Les intervenants ont souligné «l’incontournabilité» de l’expertise de l’UA, considérée comme «partenaire indiscutable et indissociable» pour sortir la Libye du chaos dans lequel elle est plongée depuis l’assassinat du colonel Mouammar Kadhafi. Ils regrettent le silence de la communauté internationale et réclament un rôle accru du président du comité de haut niveau pour la Libye. Quelques sommités des réglements des conflits ont partagé leurs expériences devant le président du Haut Conseil des tribus et des villes libyennes Ageli A. Breni qui prenait part à la rencontre.

Yamina Benguigui : «La parole du peuple libyen doit être entendue»
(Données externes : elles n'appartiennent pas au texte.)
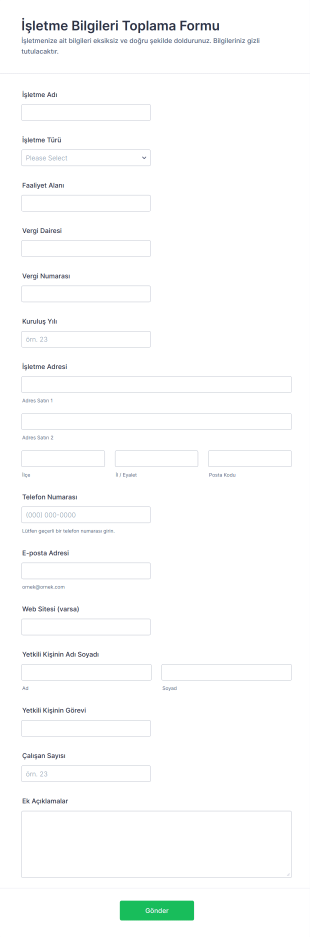 İşletme Bilgileri Toplama Form Şablonu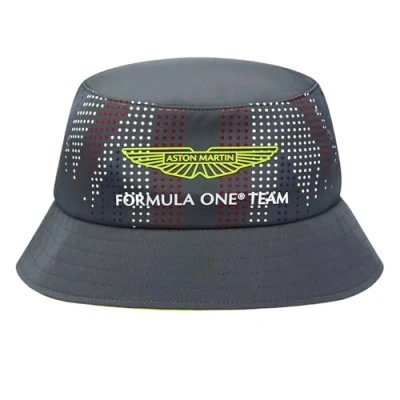 Image of Aston Martin F1, Silverstone Bucket Hat 2024, Special Edition, Adult Size, Team and Sponsor Logos, Official Merchandise. Grey
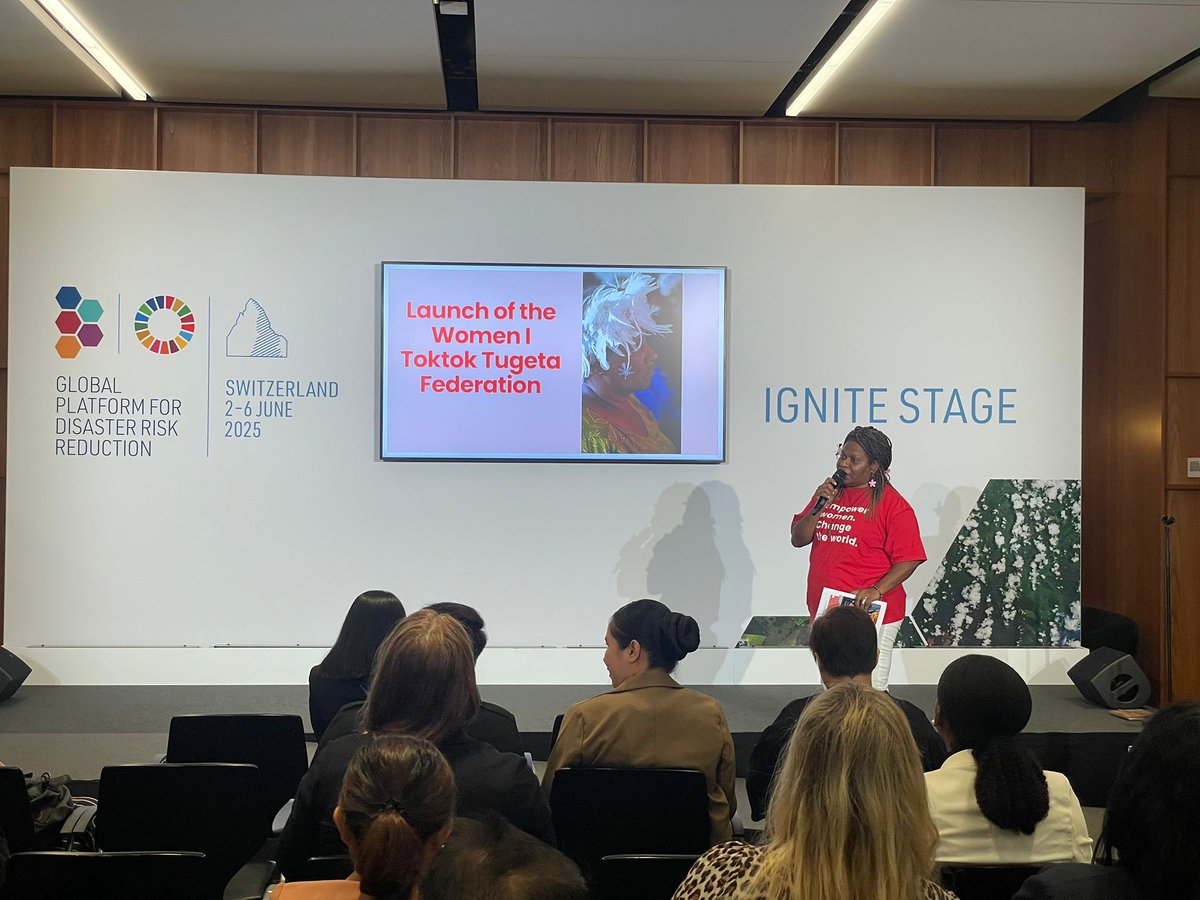 Women's Peace & Humanitarian Fund (@wphfund) on Twitter photo It’s women like our partner <a href="/FloraVano/">flora vano</a> who are on the frontlines of the #ClimateCrisis, driving change & building community resilience.
At #GP2025, she called 4 the inclusion of women of all identities in climate preparedness, response & recovery.
"Nothing about us without us!" It’s women like our partner <a href="/FloraVano/">flora vano</a> who are on the frontlines of the #ClimateCrisis, driving change & building community resilience.
At #GP2025, she called 4 the inclusion of women of all identities in climate preparedness, response & recovery.
"Nothing about us without us!"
L’ancienne ministre de la Francophonie Yamina Benguigui, présidente de l’Institut Robert Schuman pour l’Europe (IRSE), a rappelé la vision humaniste de Robert Schuman, qui n’a cessé de penser qu’il fallait gérer le présent en pensant à l’avenir et penser à l’avenir en construisant le présent, seul moyen pour éviter le délitement de l’Europe. Yamina Benguigui a  aussi rappelé Ageli Abdulslam Brenil’idéal panafricain des pères fondateurs de l’Organisation de l’unité africaine (OUA), socle de l’Union, regrettant que la voie de l’organisation continentale soit ignorée dans la crise libyenne.

Reprenant les propos du président en exercice de l’UA, Alpha Condé en substance, elle a souligné que sans la participation de l’UA, toute négociation en Libye est condamnée à l’échec. La parole du peuple libyen doit être entendue. Les deux tables rondes, l’une sur  l’UA comme acteur incontournable dans la crise libyenne ; et l’autre sur le rôle de l’UA sur la question des migrants,  ont permis aux intervenants d’apporter les éclaircissement sur le sujet suscitant la réaction de la salle.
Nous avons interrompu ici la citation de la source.